統計データを扱う技術とコミュニケーション能力かな。統計データを扱う能力は、商品の売れ行きを調べたりする場面で必要。コミュニケーション能力は、小売店の方に商品の売り方を提案するときや、アンケート調査で座談会をするときに大切ね。

―統計の技術はどうやって習得したの?

会社から「この本に書かれた技術を一カ月で身に付けて」と本を渡されて、習得したわ。難しかったから高校の時の教科書をもう一度買い直して、参考にしたよ。

週に1度、昼休みに同じ業務をする人たちと集まって、英語で書かれたマーケティング方法についての文献を翻訳してきて報告し合う勉強会に参加したよ。翻訳は当番制だったから、当たったときは頑張って用意したわ。

立てた仮説が当たるとうれしい

―この仕事に向いているのはどんな人?

統計を使うから数学が好きな人。あとは仮説を立てるのが得意な人や、コミュニケーション能力がある人かな。

母の仕事道具のパソコン一式とヘッドホン

―この仕事で楽しいことは?

自社の商品について、「こういう売り方をすれば売れるはず!」という仮説を立てて、それが当たったときとてもうれしいわ。

―逆に何が大変?

数字だけ見ていても「どうしてこの結果が出るのかわからない」ことがあるから、現場を見ないといけないかな。

―この仕事は将来、どんな風に変わると思う?

お客さんについて手に入る情報がどんどん増えていくから、活用してお客さんの心理にもっと忠実に沿ったマーケティングを考えることが求められるようになると思うわ。

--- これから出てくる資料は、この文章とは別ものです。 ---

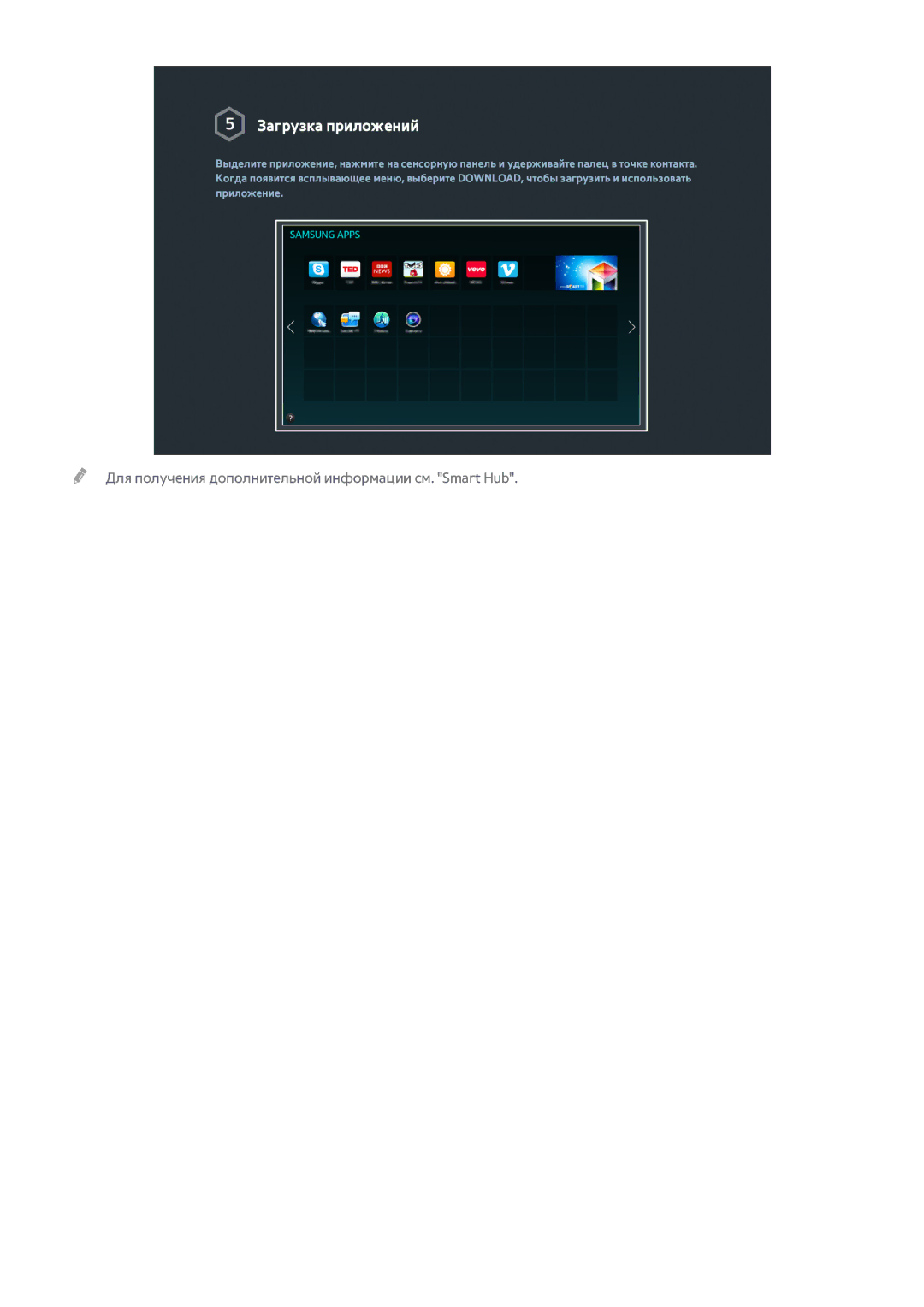 Samsung UE40H6690SVXZG manual Загрузка приложений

―この仕事を目指す高校生がいまやっておいたほうがよいことは?

統計の勉強! あといろんなことに興味を持って、「なんでだろう」と考えることかな。

【取材後記】数学の必要性を実感

私は数学がとても苦手で、将来数学を使わずにすむ職業につきたいと思っていた。テレビの宣伝やドラマで見た営業の仕事の人はあまり数学を使っていなさそうだし、やりがいもありそうに見えて、「私もやりたい! これなら私にもできる!」と思っていた。

しかし、母の仕事を取材してから、営業といっても話す以外の仕事がたくさんあること、営業部門でも数学を使う仕事に配属されうるということが分かった。仕事をする上では文系か理系どちらかだけの能力があればよいわけではないと知り、文系の学問を専攻しても数学を学ぶ必要性を実感した。